En ese sentido, el caso Odebrecht es el Jordán que bautiza a una clase política indigna, formada por quienes conocían el caso y deliberadamente se mancharon por acción y los que no evaluaron el coste de las consecuencias por omisión. Todos son culpables de haber llevado al continente americano a una de las mayores crisis morales de su historia que, contrariamente al famoso dicho “mal de muchos, consuelo de tontos”, es tan generalizada que resulta imposible ignorar.

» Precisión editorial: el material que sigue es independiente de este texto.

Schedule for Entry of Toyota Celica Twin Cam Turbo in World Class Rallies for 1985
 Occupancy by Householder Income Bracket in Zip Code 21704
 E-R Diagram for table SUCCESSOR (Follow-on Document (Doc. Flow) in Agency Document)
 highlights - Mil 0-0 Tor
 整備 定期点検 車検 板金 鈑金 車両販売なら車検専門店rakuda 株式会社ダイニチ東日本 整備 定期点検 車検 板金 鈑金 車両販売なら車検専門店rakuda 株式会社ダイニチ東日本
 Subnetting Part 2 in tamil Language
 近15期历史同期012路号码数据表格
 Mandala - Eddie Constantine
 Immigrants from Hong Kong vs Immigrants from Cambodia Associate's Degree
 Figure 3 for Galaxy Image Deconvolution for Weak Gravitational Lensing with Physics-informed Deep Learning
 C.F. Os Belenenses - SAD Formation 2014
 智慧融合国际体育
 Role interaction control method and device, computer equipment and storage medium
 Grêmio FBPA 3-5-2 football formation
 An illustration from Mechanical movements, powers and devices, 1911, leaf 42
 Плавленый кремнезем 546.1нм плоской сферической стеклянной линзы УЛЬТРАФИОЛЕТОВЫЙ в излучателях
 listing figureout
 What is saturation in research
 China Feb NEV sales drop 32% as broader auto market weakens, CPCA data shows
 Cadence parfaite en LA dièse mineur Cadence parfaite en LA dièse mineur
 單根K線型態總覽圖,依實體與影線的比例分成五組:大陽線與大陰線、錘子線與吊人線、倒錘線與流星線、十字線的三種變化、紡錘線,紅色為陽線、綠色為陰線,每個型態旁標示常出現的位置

Y, aunque ningún país está preparado para conducir a su presidente del palacio de gobierno a la cárcel, son muchos los Estados latinoamericanos que han tocado fondo. Siendo así, quiero creer que, desaparecida esta clase política —sin ninguna garantía de que la que venga sea mejor—, habrá una posibilidad de levantar barreras contra la indiferencia o la ocultación.
Por primera vez se expone abiertamente el fracaso sistémico de los aparatos gubernamentales creados para evitar la corrupción
Por ejemplo, el presidente de Colombia, Juan Manuel Santos, aseguró no conocer que hubo una presunta financiación irregular de Odebrecht en su campaña de 2010, pero no hay que olvidar que la ignorancia no exime de la responsabilidad de nuestros actos. Saber significa actuar y, hasta que no haya escándalo público, es mucho mejor no saber. Como los maridos cobardes que prefieren vivir en la inopia porque, de lo contrario, tendrían que afrontar el verdadero problema: ocuparse de la situación, limpiar la casa y echar a andar todo una vez más. Santos fue el marido de su campaña, y siendo así, es justo y razonable que si, en su momento, no cuestionó de dónde salía el dinero para comer, ahora pague por ello.
Y los demás, los que recibieron sobornos y de pronto encontraron millones de dólares en sus cuentas bancarias como presuntamente le habría ocurrido a Julio de Vido, antiguo ministro de Planificación Federal de la expresidenta de Argentina, Cristina Kirchner, son una muestra de adónde hemos llegado. El latrocinio es infinito, pero comienza, para desgracia de las democracias, en el acto mismo que las origina. La primera corrupción sistémica es la de los partidos y el primer acto criminal contra la democracia es la campaña electoral. Saber quién pone el dinero, por qué lo hace, de dónde proviene y quién se lo queda siguen siendo claves fundamentales del sistema.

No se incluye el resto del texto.